Paul Rudd assumes you aren't tired of him after watching "Almost Christmas" and also stars in "Prince Avalanche," this time with the ever-versatile Emile Hirsch. The duo play two gentlemen who are hired to repaint a highway in Central Texas that had been damaged in a forest fire. They initially hate each other, but then they start to like each other, and we all watch them grow as people in the process. Then you get home, look at your brother-in-law, Terry, and say to him, "You're not so bad, you son of a b**tch." Anyway, "Pineapple Express" director David Gordon Green is at the helm for this coming of age flick.
'Run and Jump'
The ridiculously-underrated-in-his-SNL-heyday Will Forte makes his dramatic debut in "Run and Jump" as a doctor who delivers a research grant to a family recovering in the wake of the patriarch's stroke. That's enough for me to be interested, but if you're still not convinced ... well, then you're probably unsalvageable, because Will Forte is awesome. How about the fact that the main character is a sassy Irish lady? No? Still not feeling it? Whatever, you don't like Will Forte anyway. I'm not trying to impress you.
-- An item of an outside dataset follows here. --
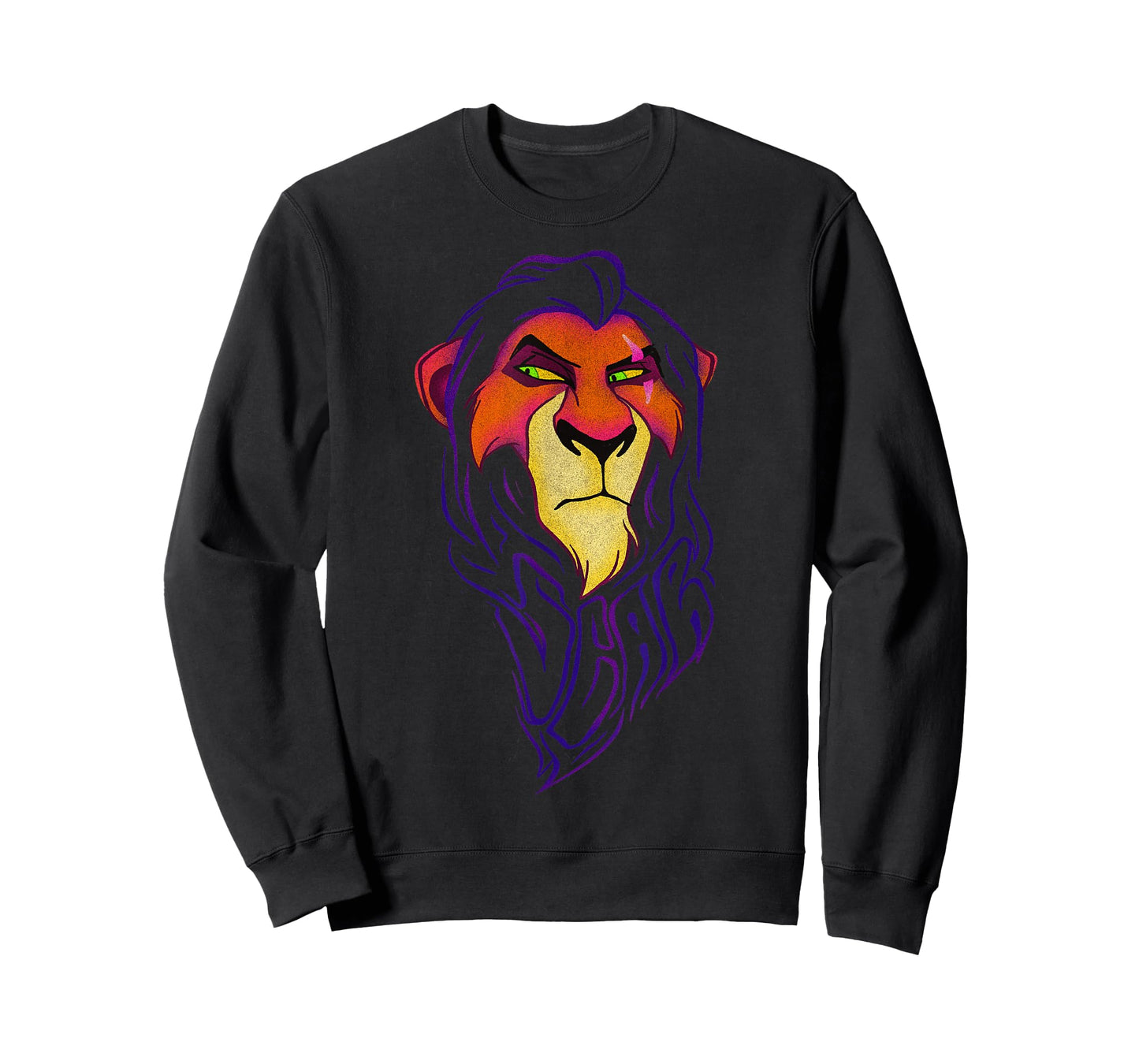 Disney Lion King Scar Long Mane Text T-Shirt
Initially mistaken as the long-lost sequel to "What To Expect When You're Expecting," "V/H/S 2" is actually the sequel to last year's low-budgeted 2012 sensation "V/H/S" and is once again about people finding unlabeled old VHS tapes that feature some frankly f**cked-up s**t. So if you want to tackle Tribeca amongst the artiest of New York City elite but are still not above being in the mood for some old-fashioned flesh-eating zombies and murderous aliens, look no further than the sequel to "What to Expect When..." — uh, I mean "V/H/S."